Milford “Skip” Slagen Brown, 93, was born July 2, 1932, in Cambridge, Maryland, and passed away on February 12, 2026, in Richmond, California. He will be cremated and inurned at Oak Hill Memorial Park in San Jose, California. He is survived by his wife and his only son. Services are not planned.
On the evening before his passing, he, and his wife were watching Winter Olympic Ice Skating. The next morning, a hospital workup revealed he had suffered a heart attack — one he survived. Throughout the following day, his breathing became more difficult, though he remained in good spirits, smiling at the medical staff tending to him. In the early evening, he drifted toward sleep, and within an hour, his journey was complete.

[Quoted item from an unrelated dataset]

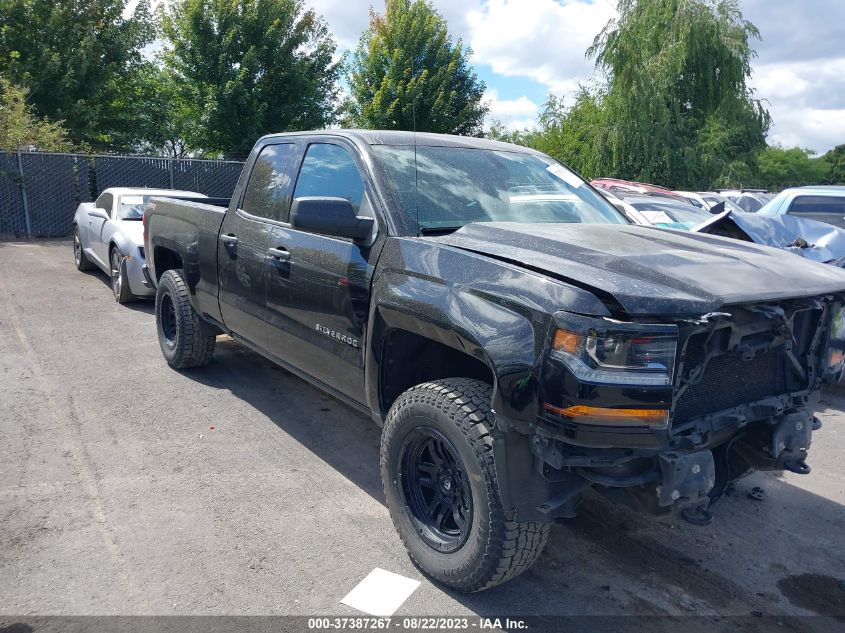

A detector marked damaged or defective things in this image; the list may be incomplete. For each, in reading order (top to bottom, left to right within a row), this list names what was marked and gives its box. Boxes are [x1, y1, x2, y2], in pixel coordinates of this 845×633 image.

Born during the Great Depression, my grandmother often said that neither she nor my grandfather had “two nickels to rub together.” Even so, a healthy baby boy arrived on July 2, 1932. He soon earned the nickname “Skip.” As a child, he was anything but typical for the time — salvaging parts from discarded radios at the local radio repair shop, performing chemistry experiments, and building model airplanes.
Academics came easily to him. He attended Aberdeen High School before transferring to Baltimore Polytechnic Institute his senior year. He went on to the University of Delaware to study physics. When the department disbanded, he switched to chemistry, eventually earning his PhD in biochemistry from Penn State University. A postdoctoral position at the University of California, Davis brought him west, and he later moved to the Bay Area to work at the USDA Western Regional Research Center. The answer to his largest research project — developing self‑fertilizing crops — has not been revealed to researchers to this day.
After he moved to the Bay Area, he met his soon to be wife and the two became loving parents of a son. Through the 1970s and 1980s, the family was involved in countless hobbies and projects. Beyond being a capable bicyclist, auto mechanic, Japanese woodworker, and bonsai horticulturalist, house renovation was the largest of them over the years.
Perhaps to a fault, dad was easygoing and level‑headed. In a time before the internet, when information was harder to find, he shared countless hours of knowledge — building something electronic, assembling a bicycle from spare parts, and later helping his son craft full‑sized furniture in the basement workshop.
During the COVID pandemic, one of his doctors jokingly told him he had “won the race” after he recovered from the virus with little more than the symptoms of a common cold. My mother and I survive him, grateful for his long life, his quiet steadiness, and the many gifts he passed on.